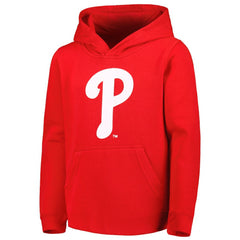 Philadelphia Phillies Youth Team Primary Logo Pullover Hoodie On Sale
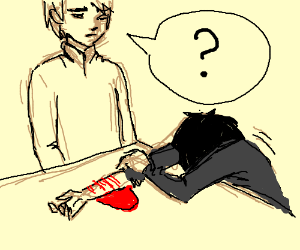 300x250 Person Questions Crying Emo Bloody Wrist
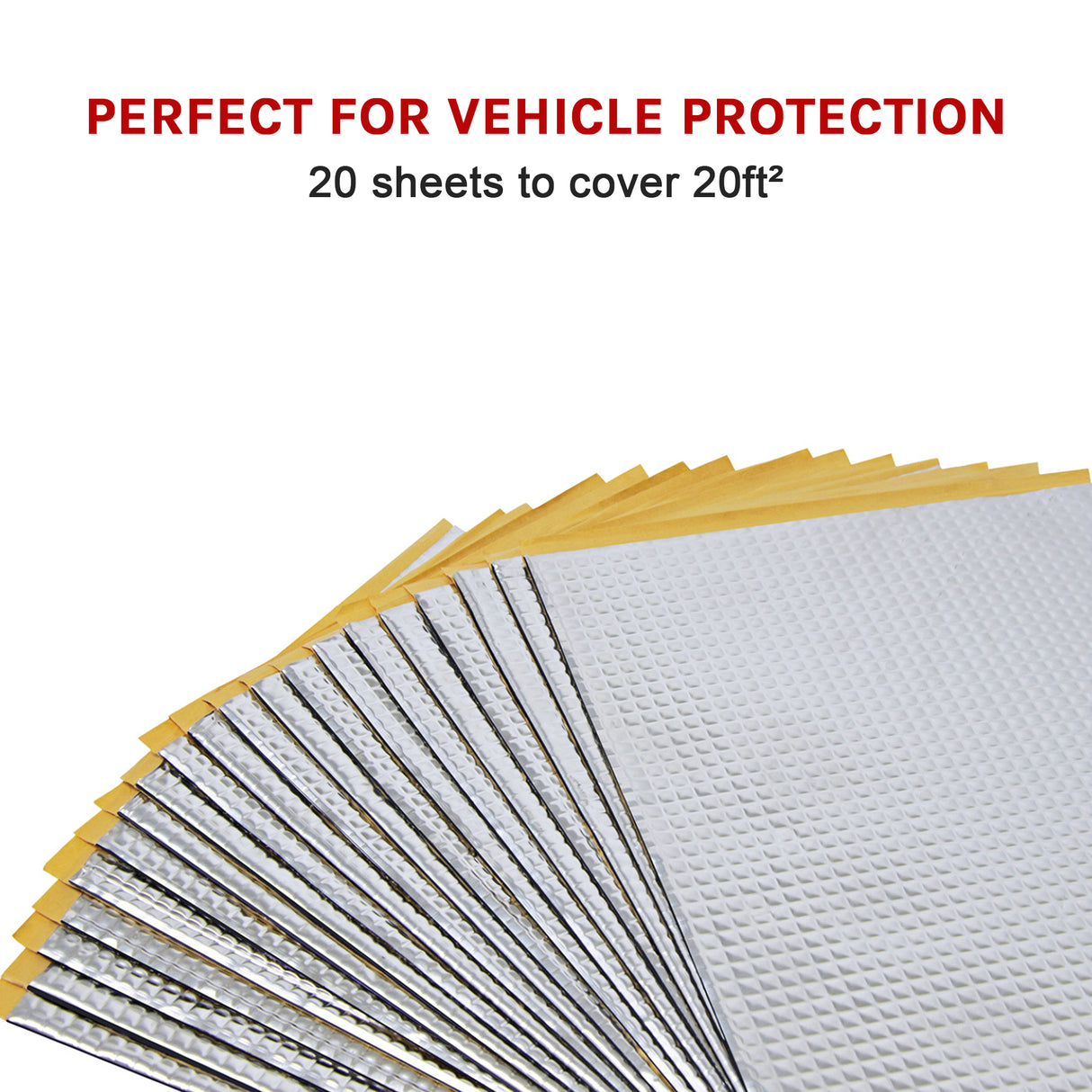 Sound Deadening Dead Mat 20 Sheets 20sq.ft Car Vibration Proofing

□ □ □

▸ Work instructions: Every line above is to be reproduced verbatim, and the pictures are to be omitted.

▸ Task answer:
 Philadelphia Phillies Youth Team Primary Logo Pullover Hoodie On Sale
 300x250 Person Questions Crying Emo Bloody Wrist
 Sound Deadening Dead Mat 20 Sheets 20sq.ft Car Vibration Proofing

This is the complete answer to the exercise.